Player: Is anyone else nearby?

GM: Yeah, Jax the Mutant Piglet Boy sees you hit across the street.

Jax: I'm going to render aid.

GM: O.k. He lives.

Mighty like a comic book, I suppose.

Moving out of RPGs:

Cosmic Encounter: I first read about this game in Starlog 12, the same one with the complete Prisoner epsiode guide. That was, I think, 1977, which means I was eight or nine years old at the time.

The game's best described as something akin to "poker with alien powers." Every time I've introduced it to people, they've loved it. One of the few games where I set aside all decorum and start talking serious trash. And one of those games where getting inside the other guy's head can make a big difference, especially when you're playing double powers and you're packing a Chronos/Sorceror combo.

I finally got a copy of my own (after obsessing about it for years but never turning it up anywhere) in the late '80s at a KayBee Toy store for $5. Sadly, my copy (a West End edition) was destroyed in a move. I ended up replacing it with the inferior Avalon Hill version. It's still a fine game, but AH isn't interested in doing much more with the property than letting it sit in the catalog, so there are less alien powers and less "stuff." And no more than four people can play. Bleh. A six- or eight-way CE brawl would be a blast. Fortunately, links to versions of a better vintage remain available, and CE enthusiasts are still actively hacking older versions, so I might get around to making a good set with more expandability than AH is offering.

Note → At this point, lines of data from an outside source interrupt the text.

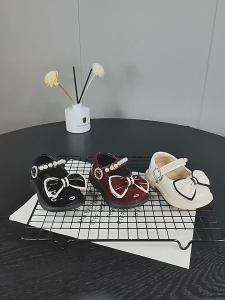 Sepatu Flats Baby Keren & Model Pita Baby Cantik: Fashion Baby Imut Nyaman dan Tidak Licin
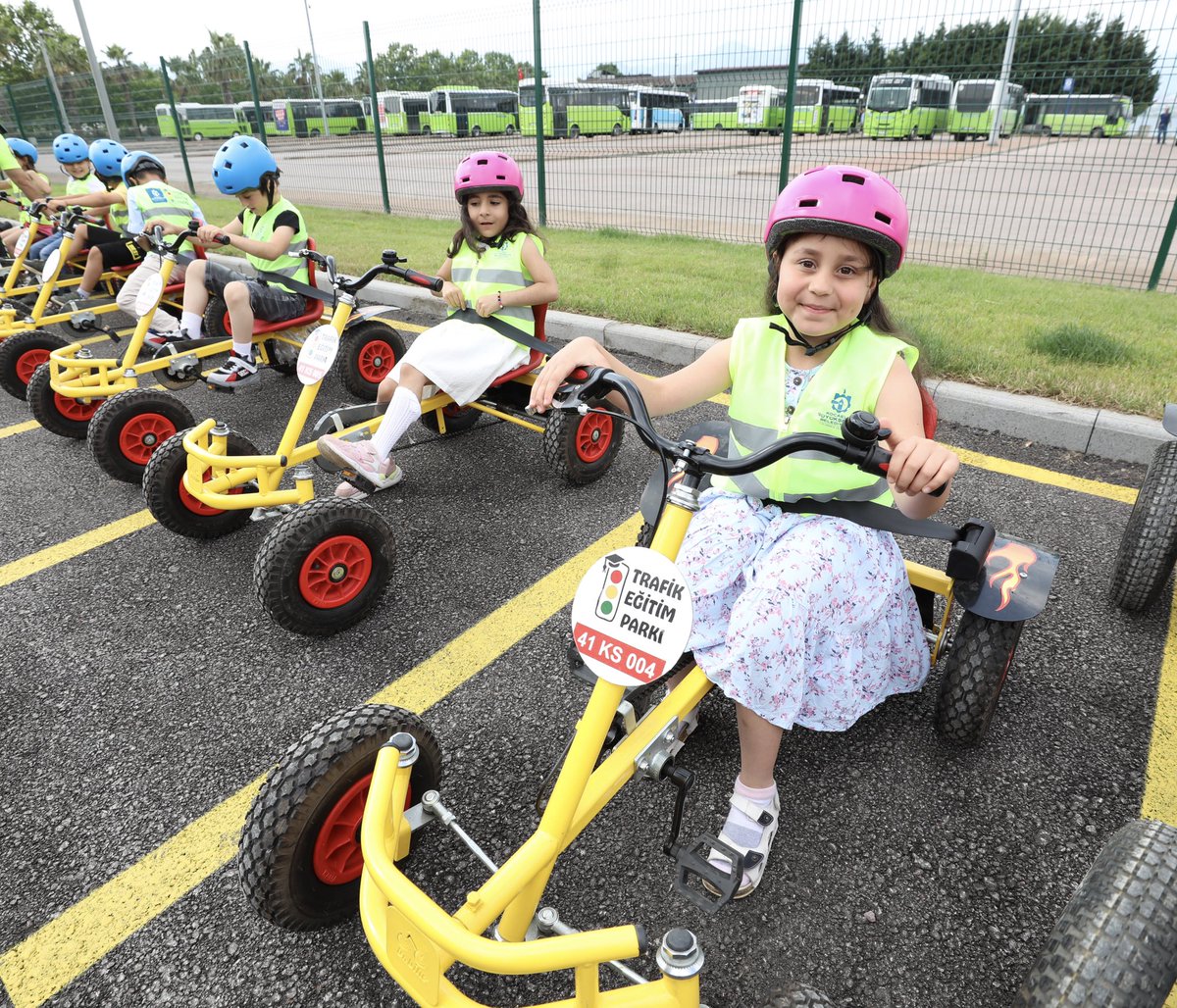 Çocuklarımıza erken yaşta trafik bilinci kazandırılması için <a href="/TC_icisleri/">T.C. İçişleri Bakanlığı</a> ve <a href="/tcmeb/">Millî Eğitim Bakanlığı</a> işbirliğiyle başlatılan “Çocuk Trafik Eğitim Parkları” projesini hayata geçirdik. Eğitimlere eşlik ederek, #TrafikGönüllüsü eğitimini tamamlayan çocuklarımıza belgelerini teslim ettik🚦👮‍♀️🚸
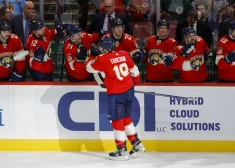 NHL Zvaigžņu spēles vērtīgākais spēlētājs Tkačaks turpina uguņot arī regulārajā sezonā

I should make obligatory note of the online version, but playing CE online is about as satisfying as any other game of wit and bluff online. Your opponent misses the benefit of your steely gaze as you Cosmic Zap his blustering Macron into a sad little one-ship attack force that dashes itself against your defenses. It's also a little slow, and the AI is still willing to allow "group wins" a little too readily. Humans are generally more cussed, and that's nothing but good for a game like CE.

Ogre: This is another classic game from the '70s. Steve Jackson was producing "Microgames," super-cheap ($5) games that came with fairly simple rules and super-portable playing pieces and boards. It's a tactical wargame, which turns a lot of people off, but it's a blast if you like that kind of thing. The premise is pretty engaging: The Ogre is a 50-meter-long robotic tank vs. a small mixed force of infantry and armor plus a few (expensive) artillery pieces. The game is really well balanced and can end with some nail-biting moments of suspense as the defenders whittle away at the Ogre's treads to slow it down and the Ogre tries to get close enough to pop off a rocket at the defender's command post (the destruction of which is the only way the Ogre can win in the basic scenarios).

Ogre was designed to be a "quick over-lunch" sort of game, so a pair of competent players can run through one of the basic scenarios in 30 minutes or less. I had some fun designing Ogre scenarios using the boards of Avalon Hill wargames my dad had on the shelf, which provided a huge field in which to pit Ogre-supplemented task forces against each other.

It's good to see this one is still around and healthy.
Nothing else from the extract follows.